__REQUIRED WORK__.
Everything from the first line of the material to the line containing "Calça Infantil Algodão", inclusive, must be given again exactly; no pictures, and nothing past that line.

╭──

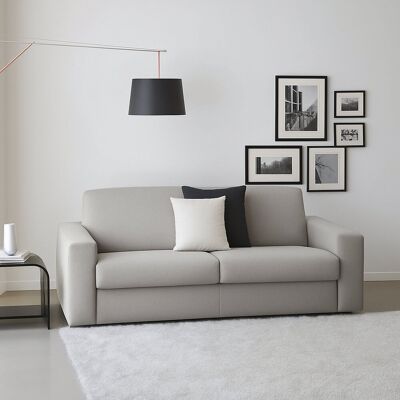 Festes Sofa Mara, 3-sitzer-sofa, 100% Made In Italy, Sofa-wohnzimmer, Aus Gepolstertem Stoff, Mit Schmalen Armlehnen, Cm 200x95h90, Grau - Talamo Italia Festes Sofa Mara, 3-sitzer-sofa, 100% Made In Italy, Sofa-wohnzimmer, Aus Gepolstertem Stoff, Mit Schmalen Armlehnen, Cm 200x95h90, Grau - Talamo Italia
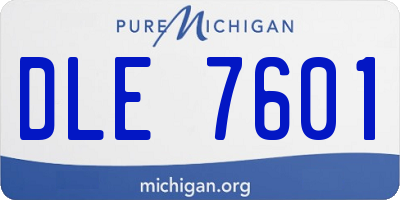 MI license plate DLE7601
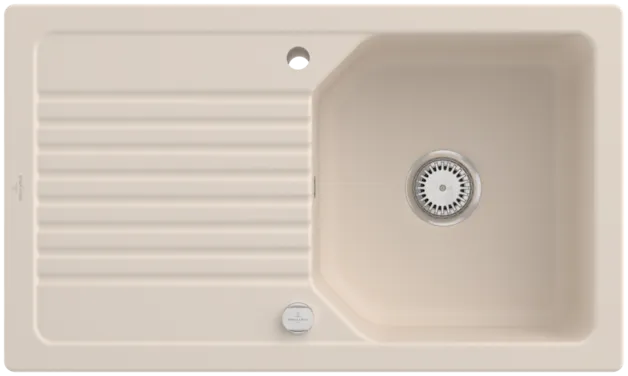Obrázek VILLEROY BOCH Linara 50 Built-in sink, included Waste system pop-up, of TitanCeram, 860 x 510 mm, Ivory CeramicPlus #338502FU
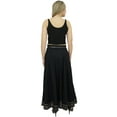 thumbnail image 2 of Bimba Women's Cotton Black Maxi Skirt Gota Design Drawstring Tassel Waist-S, 2 of 4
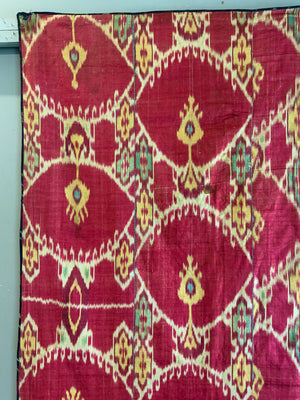 Uzbek antique silk ikat panel (203 x 92cm)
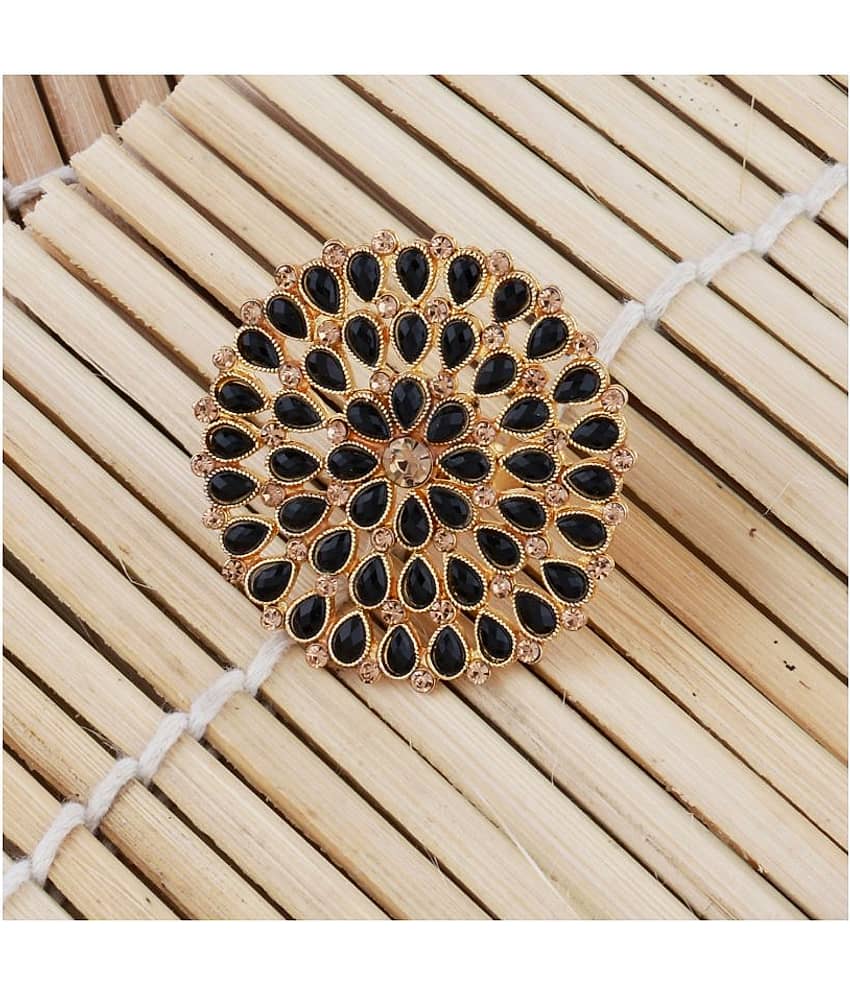 Adjustable Round Gold Tone Stylish Traditional Finger Ring For Women And Girl view 2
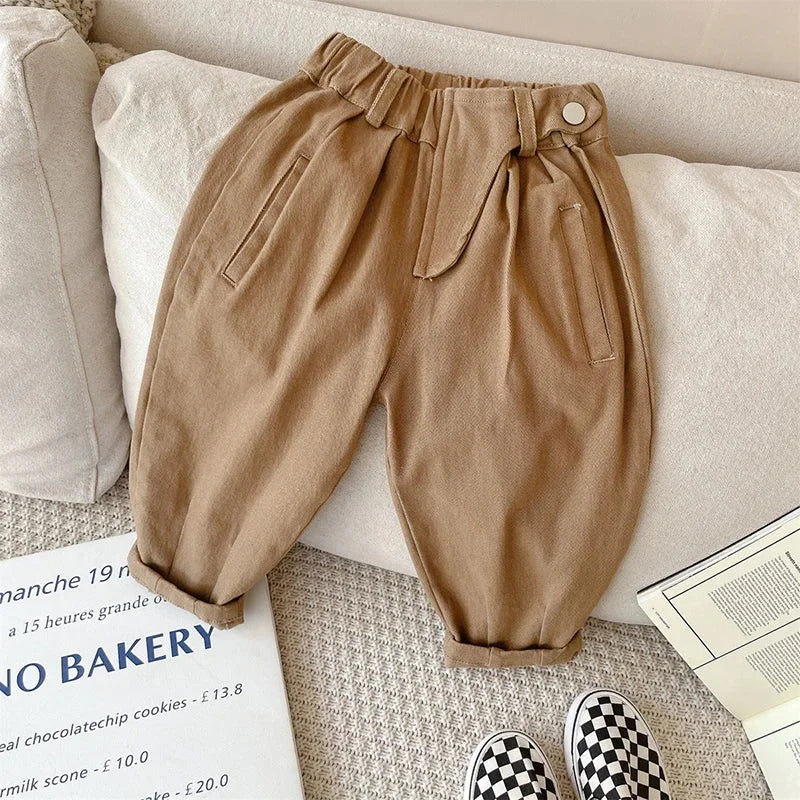 Calça Infantil Algodão Bernardo Lenogue Caqui / 12-18 Meses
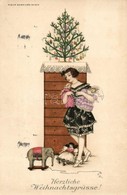 T2 Herzlichen Weihnachtsgrüsse! Wiener Künstler Postkarte M. Munk Nr. 1037 S: Mela Koehler - Non Classificati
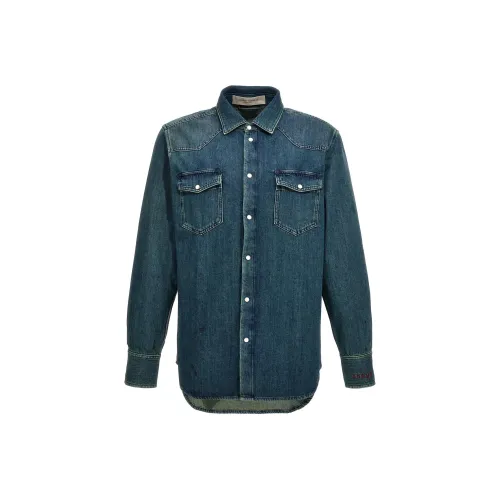 Golden Goose Blue Men's Shirts Золотое Гуси Синий Мужской Рубашки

╰──

__PROBLEM SOLUTION__.
 Festes Sofa Mara, 3-sitzer-sofa, 100% Made In Italy, Sofa-wohnzimmer, Aus Gepolstertem Stoff, Mit Schmalen Armlehnen, Cm 200x95h90, Grau - Talamo Italia Festes Sofa Mara, 3-sitzer-sofa, 100% Made In Italy, Sofa-wohnzimmer, Aus Gepolstertem Stoff, Mit Schmalen Armlehnen, Cm 200x95h90, Grau - Talamo Italia
 MI license plate DLE7601
Obrázek VILLEROY BOCH Linara 50 Built-in sink, included Waste system pop-up, of TitanCeram, 860 x 510 mm, Ivory CeramicPlus #338502FU
 thumbnail image 2 of Bimba Women's Cotton Black Maxi Skirt Gota Design Drawstring Tassel Waist-S, 2 of 4
 Uzbek antique silk ikat panel (203 x 92cm)
 Adjustable Round Gold Tone Stylish Traditional Finger Ring For Women And Girl view 2
 Calça Infantil Algodão Bernardo Lenogue Caqui / 12-18 Meses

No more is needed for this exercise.